Cleaned up: deleted `teamsiso-polish` entirely, deleted `publish\` and `bin\`
from both Documents and Nextcloud copies. Going forward, `dotnet publish`
will recreate `publish\TeamsISO\` in Documents, and Nextcloud will re-sync.
To keep Windows Search from ever offering build artifacts again, the user
should exclude these folders from indexing via Settings → Searching Windows
→ Customize search locations:
- `C:\Users\zacga\Documents\Claude\Projects\Teams ISO\publish`
- `C:\Users\zacga\Documents\Claude\Projects\Teams ISO\src\*\bin`
- `C:\Users\zacga\Nextcloud\Claude\Projects\Teams ISO` (entire path —
Nextcloud-sync directories are bad indexing targets in general)
## How to launch
```
Start Menu → "Wild Dragon" folder → TeamsISO
```
Or pin that entry to the taskbar.
Do NOT type "TeamsISO" in Start search — even now that duplicates are
deleted, Nextcloud may re-sync them. The Wild Dragon Start Menu entry is
the only guaranteed-correct path.
## Pre-1.0 cut still gated on
1. Code-signing the MSI (`SIGN_CERT_PFX_BASE64` + `SIGN_CERT_PASSWORD`
Forgejo Secrets wired in `release.yml`).
2. Real-meeting smoke pass on a non-dev host with a live NDI runtime.

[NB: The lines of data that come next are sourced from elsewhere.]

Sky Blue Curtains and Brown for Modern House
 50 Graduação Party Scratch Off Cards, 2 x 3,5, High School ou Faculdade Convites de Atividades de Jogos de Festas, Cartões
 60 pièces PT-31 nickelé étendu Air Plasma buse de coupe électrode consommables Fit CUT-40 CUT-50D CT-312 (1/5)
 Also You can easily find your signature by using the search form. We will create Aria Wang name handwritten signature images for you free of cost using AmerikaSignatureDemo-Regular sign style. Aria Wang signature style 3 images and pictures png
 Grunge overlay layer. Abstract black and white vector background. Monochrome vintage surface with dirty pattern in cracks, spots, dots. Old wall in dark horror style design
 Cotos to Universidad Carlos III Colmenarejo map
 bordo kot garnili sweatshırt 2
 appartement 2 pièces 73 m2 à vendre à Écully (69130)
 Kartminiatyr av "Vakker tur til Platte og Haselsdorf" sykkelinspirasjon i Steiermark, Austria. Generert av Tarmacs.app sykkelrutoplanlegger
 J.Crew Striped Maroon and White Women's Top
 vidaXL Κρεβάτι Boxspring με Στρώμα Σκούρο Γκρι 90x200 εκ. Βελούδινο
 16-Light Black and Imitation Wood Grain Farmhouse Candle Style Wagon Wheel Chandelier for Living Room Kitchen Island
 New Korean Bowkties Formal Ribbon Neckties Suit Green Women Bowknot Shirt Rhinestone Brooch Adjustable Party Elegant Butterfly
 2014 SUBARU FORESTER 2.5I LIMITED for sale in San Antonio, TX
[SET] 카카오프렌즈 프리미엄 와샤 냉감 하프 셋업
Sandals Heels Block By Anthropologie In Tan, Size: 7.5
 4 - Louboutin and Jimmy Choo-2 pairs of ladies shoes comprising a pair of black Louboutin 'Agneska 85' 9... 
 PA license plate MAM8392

## Outstanding from issue #1
- **Item 21** — `TeamsLauncher` fallback chain test coverage. Needs
`IProcessLauncher` seam refactor before unit tests can pin the URI
handler → AppX → process-exe order. Half-day.
## Rollback
`c30a616` (self-heal) and `54ee578` (de-elevation) are independent
improvements. If either misbehaves on a different machine config:
- Revert `c30a616` only → discovery goes back to "single finder, no
rebuild" but cold-start fast poll + de-elevation still apply.
- Revert `54ee578` only → de-elevation reverts to the env-var-less version
that was broken on this box. The runas-wrapped shortcut still works.
`5a43c9c` is the rollback-base if all polish/cleanup needs to go.